Task requirements: Among the entries below, one line contains "Propolis Shampoo" and another contains "Annayake japan kosmetiktasche". Transcribe those two lines and every line between them, exactly.

Source information:

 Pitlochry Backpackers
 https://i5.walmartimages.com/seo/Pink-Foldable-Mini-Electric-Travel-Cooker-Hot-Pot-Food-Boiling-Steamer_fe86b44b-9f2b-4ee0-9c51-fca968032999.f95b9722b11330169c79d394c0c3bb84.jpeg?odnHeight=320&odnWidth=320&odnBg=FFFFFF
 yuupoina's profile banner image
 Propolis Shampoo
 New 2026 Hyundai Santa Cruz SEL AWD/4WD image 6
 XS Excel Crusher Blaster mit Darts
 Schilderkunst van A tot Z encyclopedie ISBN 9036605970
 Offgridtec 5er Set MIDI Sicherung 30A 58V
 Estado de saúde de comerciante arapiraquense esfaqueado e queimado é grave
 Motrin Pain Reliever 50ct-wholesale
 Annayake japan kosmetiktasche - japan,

==

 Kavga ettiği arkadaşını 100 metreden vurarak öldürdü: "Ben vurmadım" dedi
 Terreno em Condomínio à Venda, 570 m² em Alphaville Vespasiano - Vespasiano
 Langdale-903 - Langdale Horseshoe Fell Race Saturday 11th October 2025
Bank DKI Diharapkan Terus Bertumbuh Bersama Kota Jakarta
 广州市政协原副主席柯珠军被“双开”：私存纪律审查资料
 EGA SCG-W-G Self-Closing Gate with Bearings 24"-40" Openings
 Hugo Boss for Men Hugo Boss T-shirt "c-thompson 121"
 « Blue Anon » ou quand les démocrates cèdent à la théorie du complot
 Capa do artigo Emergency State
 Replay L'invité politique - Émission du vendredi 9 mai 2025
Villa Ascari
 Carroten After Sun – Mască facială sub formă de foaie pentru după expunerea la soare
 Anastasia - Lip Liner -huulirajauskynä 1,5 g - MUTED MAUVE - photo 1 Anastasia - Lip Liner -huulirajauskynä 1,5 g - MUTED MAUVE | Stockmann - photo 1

Response below:
 Propolis Shampoo
 New 2026 Hyundai Santa Cruz SEL AWD/4WD image 6
 XS Excel Crusher Blaster mit Darts
 Schilderkunst van A tot Z encyclopedie ISBN 9036605970
 Offgridtec 5er Set MIDI Sicherung 30A 58V
 Estado de saúde de comerciante arapiraquense esfaqueado e queimado é grave
 Motrin Pain Reliever 50ct-wholesale
 Annayake japan kosmetiktasche - japan,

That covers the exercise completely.